At any rate, the essential "thingness" of objects can never be comprehended by the mind until the diminution of this disparity between the object of sense and the mental picture of it which exists in the consciousness has proceeded to such a limit as either completely to have obliterated it or to such an extent that the psychic fluxion is so slight as not to matter.

It is believed that the results of mental evolution, as the mind approaches the transfinite as a limit, will operate to minimize the fluxional quantity which subsists between all objects of sense and their ideal representation as data of consciousness. The conclusion that the mind of early men who lived hundreds of thousands and perhaps millions of years ago on this planet consumed a much longer time in learning the adjustments between the objects which it contacted in the sensuous world and the elementary representations which were registered in its youthful consciousness than is to-day required for similar processes seems to be demanded, and substantiated as well, by what is known of the phyletic development of the mind in the human race.
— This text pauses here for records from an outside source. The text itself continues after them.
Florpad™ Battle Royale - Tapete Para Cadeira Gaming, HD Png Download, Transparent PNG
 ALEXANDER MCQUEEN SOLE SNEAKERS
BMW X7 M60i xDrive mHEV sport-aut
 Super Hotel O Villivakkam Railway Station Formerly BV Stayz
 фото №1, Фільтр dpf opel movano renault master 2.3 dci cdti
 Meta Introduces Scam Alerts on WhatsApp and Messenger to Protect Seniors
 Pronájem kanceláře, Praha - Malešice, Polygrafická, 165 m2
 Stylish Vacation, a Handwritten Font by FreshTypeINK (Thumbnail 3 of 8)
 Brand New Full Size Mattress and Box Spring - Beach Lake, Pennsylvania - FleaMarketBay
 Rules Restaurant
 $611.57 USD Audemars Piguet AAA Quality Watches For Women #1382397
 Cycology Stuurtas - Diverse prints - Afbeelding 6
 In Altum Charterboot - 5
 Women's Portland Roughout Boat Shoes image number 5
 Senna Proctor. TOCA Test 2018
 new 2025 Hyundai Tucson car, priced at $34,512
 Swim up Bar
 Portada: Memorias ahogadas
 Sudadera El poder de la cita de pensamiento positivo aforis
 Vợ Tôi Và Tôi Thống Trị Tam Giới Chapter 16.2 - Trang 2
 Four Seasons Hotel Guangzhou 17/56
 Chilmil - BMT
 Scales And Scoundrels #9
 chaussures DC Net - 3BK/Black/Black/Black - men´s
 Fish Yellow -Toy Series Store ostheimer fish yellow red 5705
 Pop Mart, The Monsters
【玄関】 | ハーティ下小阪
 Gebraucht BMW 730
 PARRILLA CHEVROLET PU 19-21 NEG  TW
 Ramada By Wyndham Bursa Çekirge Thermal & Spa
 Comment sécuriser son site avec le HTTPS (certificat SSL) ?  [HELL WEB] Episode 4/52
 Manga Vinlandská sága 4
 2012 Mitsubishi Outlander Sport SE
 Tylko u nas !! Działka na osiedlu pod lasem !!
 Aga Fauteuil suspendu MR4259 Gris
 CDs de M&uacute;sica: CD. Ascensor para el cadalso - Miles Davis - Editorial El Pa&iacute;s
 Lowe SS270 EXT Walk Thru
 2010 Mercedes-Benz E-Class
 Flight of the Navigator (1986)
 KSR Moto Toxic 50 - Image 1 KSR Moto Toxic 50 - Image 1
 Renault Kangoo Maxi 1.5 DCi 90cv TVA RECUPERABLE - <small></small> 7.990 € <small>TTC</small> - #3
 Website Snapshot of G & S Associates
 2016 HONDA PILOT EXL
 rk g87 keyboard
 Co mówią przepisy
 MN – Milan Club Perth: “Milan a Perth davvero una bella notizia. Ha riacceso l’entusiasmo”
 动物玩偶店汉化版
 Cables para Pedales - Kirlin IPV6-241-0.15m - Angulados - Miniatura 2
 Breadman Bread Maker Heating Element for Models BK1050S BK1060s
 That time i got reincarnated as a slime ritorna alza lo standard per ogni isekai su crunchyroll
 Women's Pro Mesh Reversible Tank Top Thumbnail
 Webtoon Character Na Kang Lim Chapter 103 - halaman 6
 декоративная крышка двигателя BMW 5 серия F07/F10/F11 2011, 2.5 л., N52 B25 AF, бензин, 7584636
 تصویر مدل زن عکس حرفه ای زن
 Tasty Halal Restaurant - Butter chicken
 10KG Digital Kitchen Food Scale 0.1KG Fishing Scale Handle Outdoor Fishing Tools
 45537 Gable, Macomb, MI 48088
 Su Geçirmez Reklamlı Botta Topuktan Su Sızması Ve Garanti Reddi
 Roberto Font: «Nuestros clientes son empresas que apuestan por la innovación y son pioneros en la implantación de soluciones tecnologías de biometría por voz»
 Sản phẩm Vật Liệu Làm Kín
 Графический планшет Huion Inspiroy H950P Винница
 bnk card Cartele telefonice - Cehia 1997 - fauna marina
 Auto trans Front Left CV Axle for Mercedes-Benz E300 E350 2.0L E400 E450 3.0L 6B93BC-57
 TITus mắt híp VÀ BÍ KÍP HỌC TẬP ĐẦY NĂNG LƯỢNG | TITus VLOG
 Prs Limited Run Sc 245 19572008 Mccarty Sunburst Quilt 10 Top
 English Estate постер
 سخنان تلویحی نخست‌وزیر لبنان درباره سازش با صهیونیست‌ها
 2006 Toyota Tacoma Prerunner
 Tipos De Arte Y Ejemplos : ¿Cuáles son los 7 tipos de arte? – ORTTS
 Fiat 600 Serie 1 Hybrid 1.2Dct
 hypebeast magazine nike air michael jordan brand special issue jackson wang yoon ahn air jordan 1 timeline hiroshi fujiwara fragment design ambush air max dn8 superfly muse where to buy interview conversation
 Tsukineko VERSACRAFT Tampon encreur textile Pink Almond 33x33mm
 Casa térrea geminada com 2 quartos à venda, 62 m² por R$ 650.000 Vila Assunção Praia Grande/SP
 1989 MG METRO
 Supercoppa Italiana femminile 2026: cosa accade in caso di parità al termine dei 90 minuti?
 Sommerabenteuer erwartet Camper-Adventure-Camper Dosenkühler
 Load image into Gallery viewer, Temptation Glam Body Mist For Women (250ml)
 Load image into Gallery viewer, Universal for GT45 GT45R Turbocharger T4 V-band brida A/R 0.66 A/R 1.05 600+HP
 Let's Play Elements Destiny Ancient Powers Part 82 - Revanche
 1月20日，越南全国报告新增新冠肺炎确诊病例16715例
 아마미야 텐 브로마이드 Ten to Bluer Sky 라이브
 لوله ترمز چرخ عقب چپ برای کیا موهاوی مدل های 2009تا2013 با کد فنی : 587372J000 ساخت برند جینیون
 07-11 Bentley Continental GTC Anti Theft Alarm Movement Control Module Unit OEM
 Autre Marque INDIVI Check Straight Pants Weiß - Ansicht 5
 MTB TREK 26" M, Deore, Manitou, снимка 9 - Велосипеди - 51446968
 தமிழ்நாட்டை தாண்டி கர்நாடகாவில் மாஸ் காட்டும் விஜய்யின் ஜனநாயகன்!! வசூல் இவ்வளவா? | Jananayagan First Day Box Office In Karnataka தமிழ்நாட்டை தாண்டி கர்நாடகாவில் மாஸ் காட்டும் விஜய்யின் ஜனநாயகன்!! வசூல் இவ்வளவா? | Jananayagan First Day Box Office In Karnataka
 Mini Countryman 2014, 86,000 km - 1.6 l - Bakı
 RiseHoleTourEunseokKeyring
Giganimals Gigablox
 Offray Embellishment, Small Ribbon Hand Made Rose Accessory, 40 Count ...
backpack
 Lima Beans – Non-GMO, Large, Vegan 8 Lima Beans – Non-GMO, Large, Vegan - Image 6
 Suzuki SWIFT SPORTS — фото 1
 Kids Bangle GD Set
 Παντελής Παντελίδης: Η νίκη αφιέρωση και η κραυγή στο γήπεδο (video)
In view of the above, it is thought that the duration of such simple mental processes served not only to prolong the physical life of the man of those early days, but may also account for the puerility and incapacity of the mind at that stage. Not that the slow mental processes were active causative agencies in lengthening the life of man, but that they together with the crass physicality of man necessitated a longer physical life. This, perhaps in a larger sense than any other consideration, accounts for the fundamental discrepancies in the mind of the primitive man in comparison with the efficiency of the mind of the present-day man. In view of the potential character of mind and in the light of the well graduated scale of its accomplishments, it is undoubtedly safe to conclude that the quality of mental capacities is proportional to the psychic fluxional which may exist at any time between the ideal and the essential or real. Mental differences and potentialities in general may be due to the magnitude of the psychic fluxional or differential that exists between the conceptual and the perceptual universe. In some minds it may be greater than in others. The chasm between things-in-themselves and the mental notion pertaining thereto may vary in a direct ratio to the individual mind's place in psychogenesis, and therefore, be the key to all mental differences in this respect.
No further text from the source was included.